Transformation
Read file from Local FS
For HDFS specify path as “hdfs://localhost:9000/lti/sample.txt”
lines = sc.textFile("file:///home/ak/sample.txt", <partition>)
Create Partitions of List
sc.parallelize(['b', 'c', 'a'])
sc.parallelize(['b', 'c', 'a'], 4)
Flat Map
Used to break data into smaller chunks
words = textsrc.flatMap(lambda line: line.split())
Flat Map Values
Used to flatten values of an key value pair. Can only access the value field
x = sc.parallelize([("a", ["x", "y", "z"]), ("b", ["p", "r"])])
x.flatMapValues(lambda value : value).collect()
Map
Create key, value pairs of data. Returns an list
wdmap =words.map(lambda word: (word, 1))
ratings = lines.map(lambda x : x.split()[2])
Map Values
Used to apply Map function of Key, Value pairs. Can only access the value field
x = sc.parallelize([("a", ["apple", "banana", "lemon"]), ("b", ["grapes"])])
x.mapValues(lambda f : len(f)).collect()
Filter
Returns an Boolean value.

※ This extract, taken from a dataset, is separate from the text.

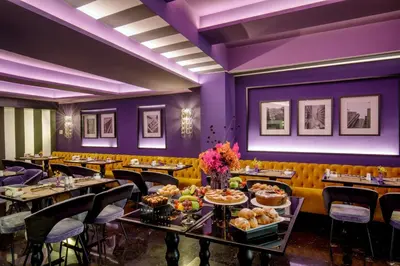 a dining room with tables and chairs with food on them at The Tribune, part of JdV by Hyatt in Rome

True data is allowed to pass through
newRDD = rdd.filter(lambda x : "TMIN" in x[1])
Caching of Data
text_file.cache()
text_file.persist()
text_file.unpersist()
NOTE
- A action needs to be performed before the data is actually cached
- The cached files are visible under the Jobs tab in Spark Web UI
Number of Partitions
textfile.getNumPartitions()
Partitions
repartition(4) # Increase or decrease partitions. Shuffling of data takes place
coalesce(<num>) # Reduce the no. of partitions. Shuffling does not take place
Actions
Print the RDD
count.collect()
rdd.take(<num>)
Save the RDD as a text file
counts.saveAsTextFile("/lti/sparkwc")
Count By Value
Groups same data together. Returns a DefaultDict
result = ratings.countByValue()
for key, value in result.items():
print(str(key) + " " + str(value))
Reduce by Key
Perform aggregation of data with the same key
The reduction is performed at the mapper stage and combined at the reducer
counts=wdmap.reduceByKey(lambda a, b: a + b)
Group By Key
Group values with the same key. The reduction is performed at the reducer stage
groupByKey()
Sort By Key
Sort RDD by key values
wordCount.map(lambda (x, y) : (y, x)).sortByKey()
Create RDD of just Keys or Values
keys(), values()